__Task input__:
- Opening Delimiter -
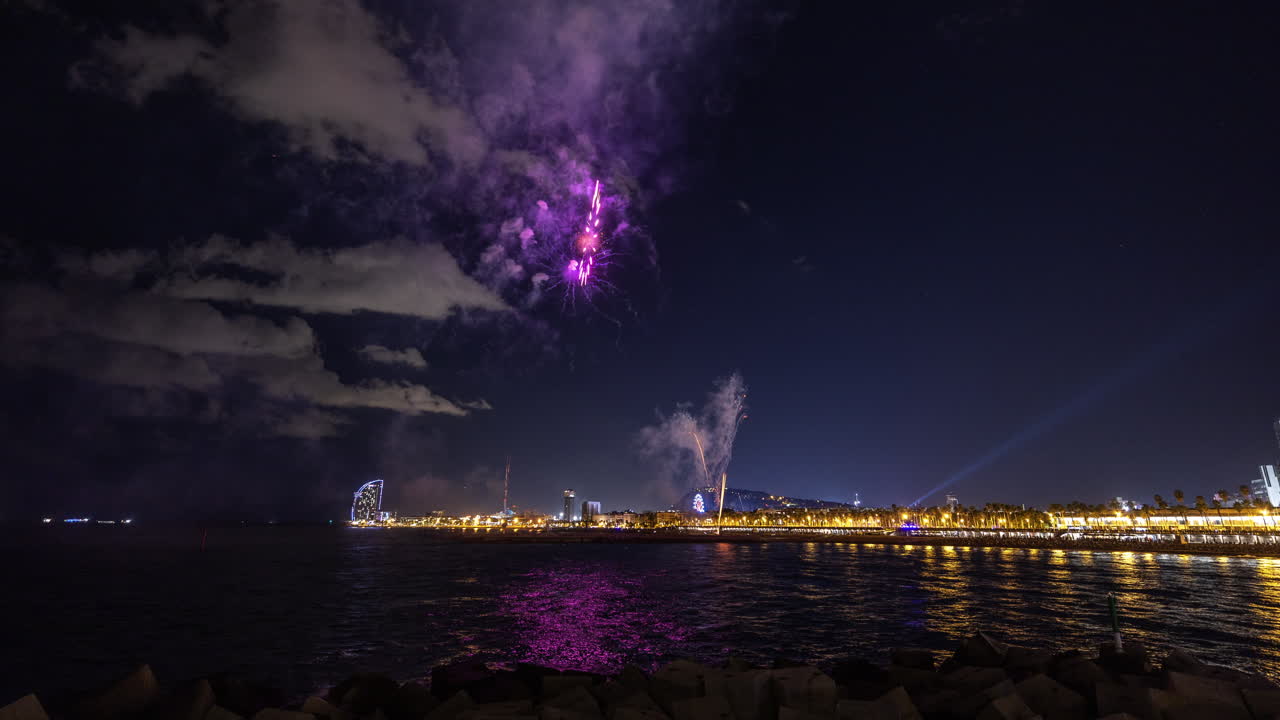 fuegos artificiales sobre la ciudad por la noche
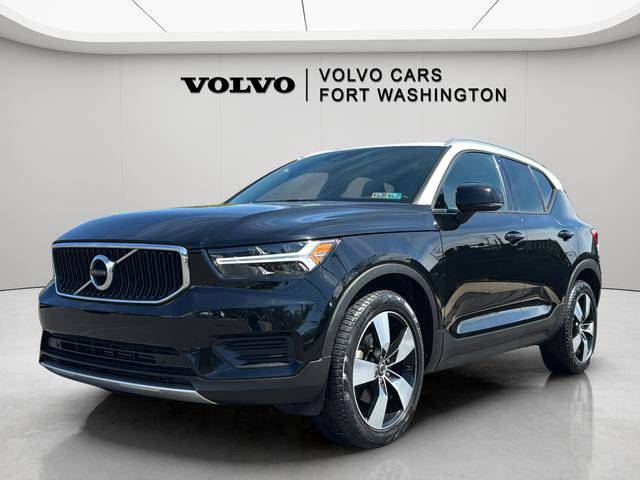 2019 Volvo XC40 Momentum AWD photo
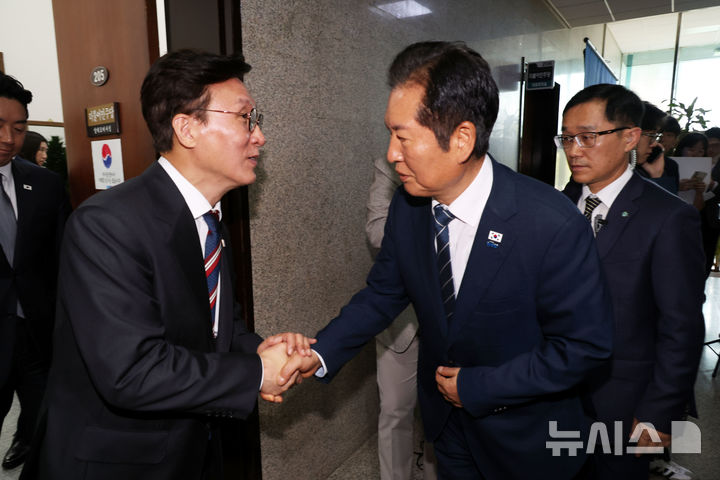 ▲ 김민석 국무총리가 25일 오전 서울 여의도 국회에서 정부조직법 관련 비공개 고위 당정대 회의를 마치고 정청래 더불어민주당 대표와 악수를 하고 있다. ⓒ뉴시스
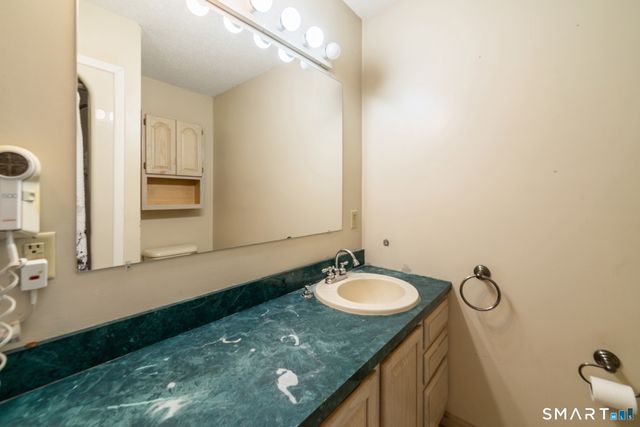 1 Lasalette Way, North Branford, CT 06471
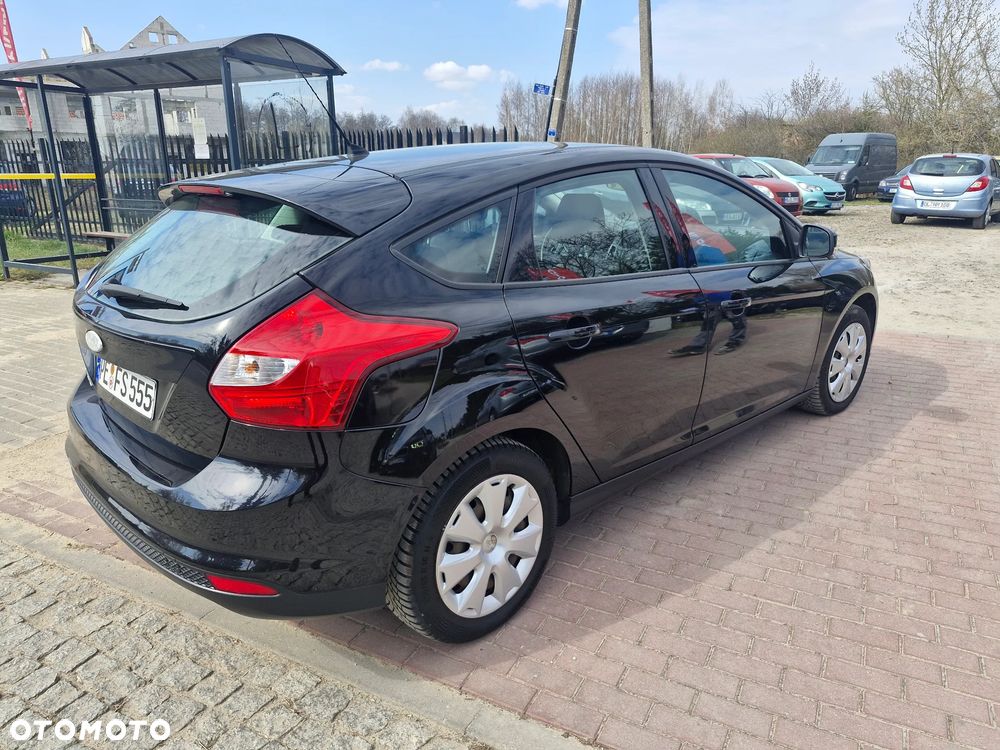 Ford Focus 1.6 Ambiente - 4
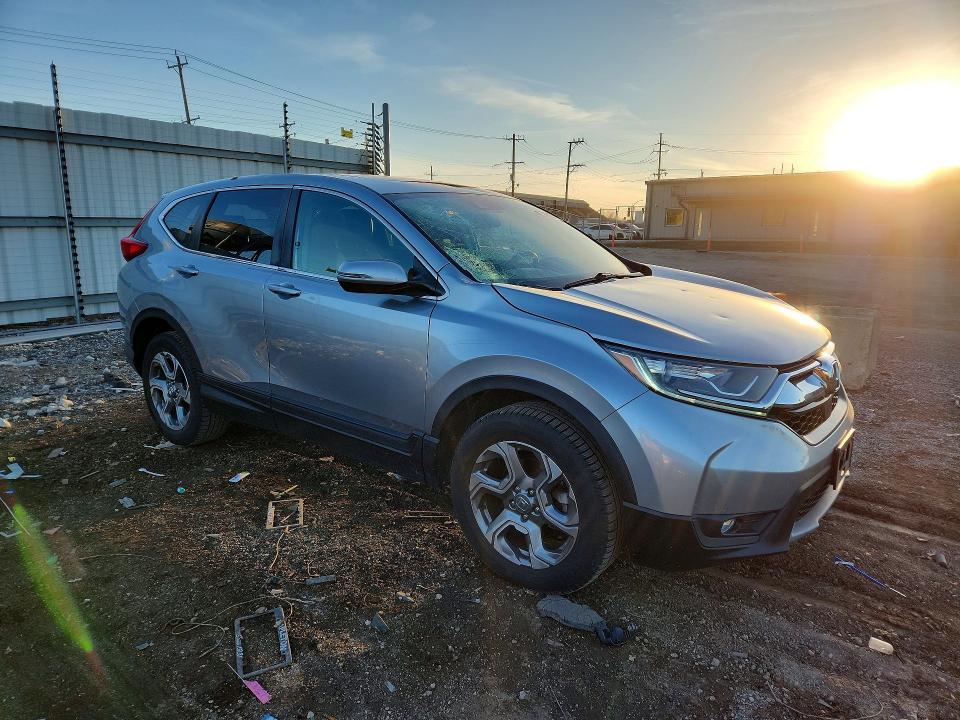 46819926 :رقم المزاد ، 2HKRW2H89JH690332 vin ، 2018 Honda Cr-v مزاد بيع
- Closing Delimiter -
__Exercise brief__: Once the pictures are set aside, write out each record exactly.

__Task response__:
 fuegos artificiales sobre la ciudad por la noche
 2019 Volvo XC40 Momentum AWD photo
 ▲ 김민석 국무총리가 25일 오전 서울 여의도 국회에서 정부조직법 관련 비공개 고위 당정대 회의를 마치고 정청래 더불어민주당 대표와 악수를 하고 있다. ⓒ뉴시스
 1 Lasalette Way, North Branford, CT 06471
 Ford Focus 1.6 Ambiente - 4
 46819926 :رقم المزاد ، 2HKRW2H89JH690332 vin ، 2018 Honda Cr-v مزاد بيع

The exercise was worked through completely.